Just over a month after the fipronil egg scandal broke, the volatility plaguing the European egg market shows no sign of abating.

The discovery of high levels of the insecticide in Dutch eggs in July resulted in German retailers disposing of an estimated 10.7 million eggs, while Dutch retailers pulled a further 10 million from the market.

During the past month, the EU benchmark price for enriched cage eggs has risen 10% as supplies have tightened, while prices have shot up 31% in Germany and by 19% in the Netherlands.

Prices have also risen from producers such as Poland, as buyers look to source from regions unaffected by the scandal. As a result, Polish prices are up 17% in the past month.

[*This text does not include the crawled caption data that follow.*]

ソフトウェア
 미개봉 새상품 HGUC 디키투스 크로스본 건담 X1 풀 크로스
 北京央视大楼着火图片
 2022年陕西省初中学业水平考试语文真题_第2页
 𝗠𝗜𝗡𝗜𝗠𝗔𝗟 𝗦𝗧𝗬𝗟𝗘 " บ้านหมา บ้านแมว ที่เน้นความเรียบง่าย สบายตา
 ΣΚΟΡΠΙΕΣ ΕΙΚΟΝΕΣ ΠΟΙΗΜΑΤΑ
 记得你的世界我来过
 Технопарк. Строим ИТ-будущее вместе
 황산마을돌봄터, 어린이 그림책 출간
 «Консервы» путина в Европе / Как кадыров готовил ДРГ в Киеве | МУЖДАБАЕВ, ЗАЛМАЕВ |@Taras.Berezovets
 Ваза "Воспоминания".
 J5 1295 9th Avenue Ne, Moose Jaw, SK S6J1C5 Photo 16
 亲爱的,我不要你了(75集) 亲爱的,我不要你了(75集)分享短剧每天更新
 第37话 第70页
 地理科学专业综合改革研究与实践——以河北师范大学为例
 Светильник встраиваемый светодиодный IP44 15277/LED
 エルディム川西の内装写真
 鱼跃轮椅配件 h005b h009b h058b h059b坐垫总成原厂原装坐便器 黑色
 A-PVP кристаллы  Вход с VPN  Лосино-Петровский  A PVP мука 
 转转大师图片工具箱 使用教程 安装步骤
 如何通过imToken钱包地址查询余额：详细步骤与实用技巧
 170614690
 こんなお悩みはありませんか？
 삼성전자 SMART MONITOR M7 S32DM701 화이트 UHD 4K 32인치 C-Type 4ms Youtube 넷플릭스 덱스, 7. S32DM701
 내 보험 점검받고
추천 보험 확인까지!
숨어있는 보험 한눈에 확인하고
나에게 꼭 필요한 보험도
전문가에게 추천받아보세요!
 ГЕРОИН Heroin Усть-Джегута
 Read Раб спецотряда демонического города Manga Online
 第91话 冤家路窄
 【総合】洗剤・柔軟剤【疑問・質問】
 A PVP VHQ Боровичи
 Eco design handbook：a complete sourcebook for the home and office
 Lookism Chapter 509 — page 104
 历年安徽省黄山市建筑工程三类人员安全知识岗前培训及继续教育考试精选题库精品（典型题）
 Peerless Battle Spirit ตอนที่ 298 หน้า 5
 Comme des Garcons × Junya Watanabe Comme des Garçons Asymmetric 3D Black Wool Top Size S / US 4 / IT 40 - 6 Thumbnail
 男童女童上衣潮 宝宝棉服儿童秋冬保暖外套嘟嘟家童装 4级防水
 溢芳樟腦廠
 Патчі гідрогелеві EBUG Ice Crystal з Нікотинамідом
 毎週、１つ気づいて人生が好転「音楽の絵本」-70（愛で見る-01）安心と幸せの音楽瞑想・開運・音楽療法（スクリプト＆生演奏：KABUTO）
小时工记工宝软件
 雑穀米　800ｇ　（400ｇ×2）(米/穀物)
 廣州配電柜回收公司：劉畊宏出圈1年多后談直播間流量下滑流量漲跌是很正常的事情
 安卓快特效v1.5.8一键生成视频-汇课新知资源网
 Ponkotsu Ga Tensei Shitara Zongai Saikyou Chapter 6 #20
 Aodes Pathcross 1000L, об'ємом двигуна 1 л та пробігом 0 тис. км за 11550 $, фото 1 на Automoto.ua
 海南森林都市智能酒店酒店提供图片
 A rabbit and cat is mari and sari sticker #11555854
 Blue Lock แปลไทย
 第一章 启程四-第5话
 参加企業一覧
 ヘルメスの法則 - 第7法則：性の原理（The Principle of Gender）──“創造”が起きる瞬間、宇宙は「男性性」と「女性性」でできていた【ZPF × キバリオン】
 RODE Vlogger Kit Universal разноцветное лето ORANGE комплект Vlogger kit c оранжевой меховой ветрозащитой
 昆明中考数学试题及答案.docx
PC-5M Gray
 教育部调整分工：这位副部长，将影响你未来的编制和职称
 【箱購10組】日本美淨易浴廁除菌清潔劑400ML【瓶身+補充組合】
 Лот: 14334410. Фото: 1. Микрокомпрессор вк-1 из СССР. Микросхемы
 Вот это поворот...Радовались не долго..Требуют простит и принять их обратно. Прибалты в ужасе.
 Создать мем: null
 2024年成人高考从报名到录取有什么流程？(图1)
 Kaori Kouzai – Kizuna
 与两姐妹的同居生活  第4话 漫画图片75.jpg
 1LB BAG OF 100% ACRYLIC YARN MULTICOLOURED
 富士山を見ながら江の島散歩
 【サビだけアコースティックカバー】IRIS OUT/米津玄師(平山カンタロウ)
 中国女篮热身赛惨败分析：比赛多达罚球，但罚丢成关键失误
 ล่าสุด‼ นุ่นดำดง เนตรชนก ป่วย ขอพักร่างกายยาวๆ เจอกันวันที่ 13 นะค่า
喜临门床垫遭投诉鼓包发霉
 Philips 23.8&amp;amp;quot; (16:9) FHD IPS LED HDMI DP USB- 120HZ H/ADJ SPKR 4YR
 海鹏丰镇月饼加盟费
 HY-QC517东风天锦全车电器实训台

Supplies have tightened even further in the egg product market, driving whole egg powder prices up 19% in August. Product testing times have risen from a few days to over two weeks, as producers must prove their products are fipronil-free, bottle-necking supply in laboratories.

In the UK, retail egg sales have slumped in the wake of the crisis. However, wholesale prices have emerged relatively unscathed.

With sterling weak amid Brexit uncertainty, the UK enriched cage egg price had been level with EU pricing during the past few months. It actually fell by 1% during August, as the UK was comparatively unaffected by the crisis, and this has now resulted in UK egg prices selling at a discount to EU prices.

Consumer confidence in EU eggs has fallen, particularly for Dutch eggs, which will limit demand for the foreseeable future. This means UK eggs will likely see an increase in demand, as British consumers look for UK egg-based products.